__ASSIGNED TASK__. If a line below falls between the line with "いじける中年男性のイラスト　線画のみ" and the line with "Language Stud Earring", or is one of those two, output it exactly; output nothing else and no pictures.

__ENTRIES PROVIDED__.
^^^^^^^^

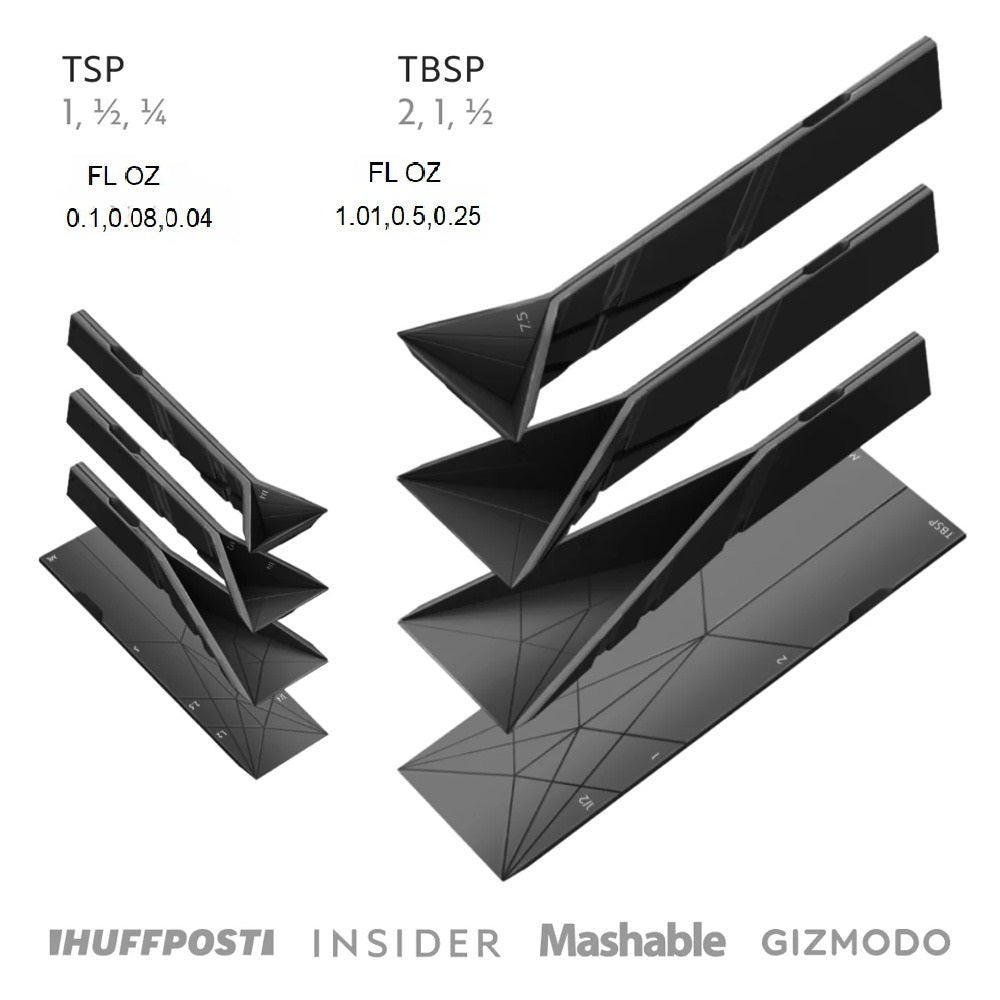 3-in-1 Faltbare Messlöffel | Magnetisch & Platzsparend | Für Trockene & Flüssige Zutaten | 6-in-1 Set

^^^^^^^^

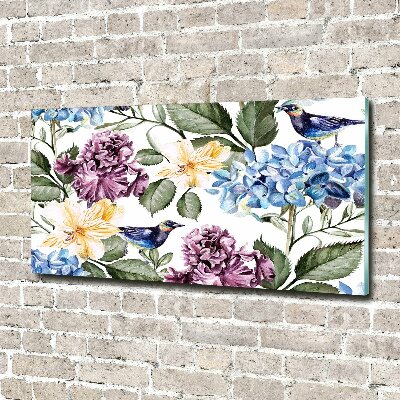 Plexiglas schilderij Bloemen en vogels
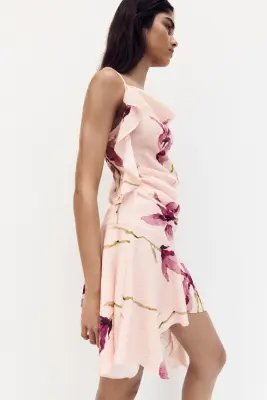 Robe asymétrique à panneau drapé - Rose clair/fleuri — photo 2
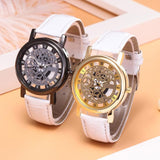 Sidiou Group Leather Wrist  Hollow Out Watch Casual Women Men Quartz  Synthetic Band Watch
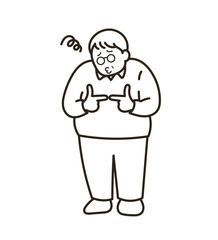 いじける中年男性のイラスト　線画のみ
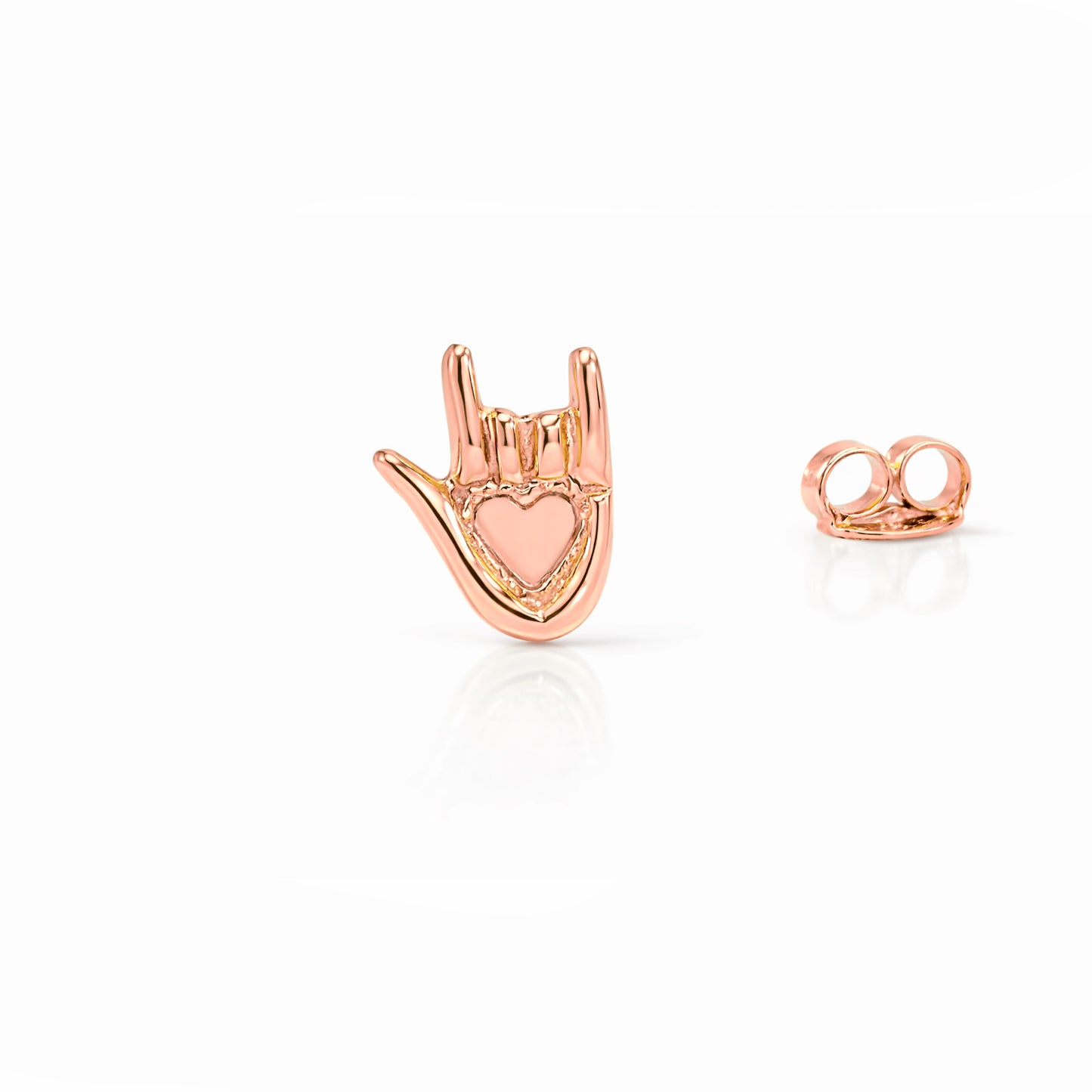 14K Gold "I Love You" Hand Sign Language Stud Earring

^^^^^^^^

__ANSWER BELOW__.
 いじける中年男性のイラスト　線画のみ
 14K Gold "I Love You" Hand Sign Language Stud Earring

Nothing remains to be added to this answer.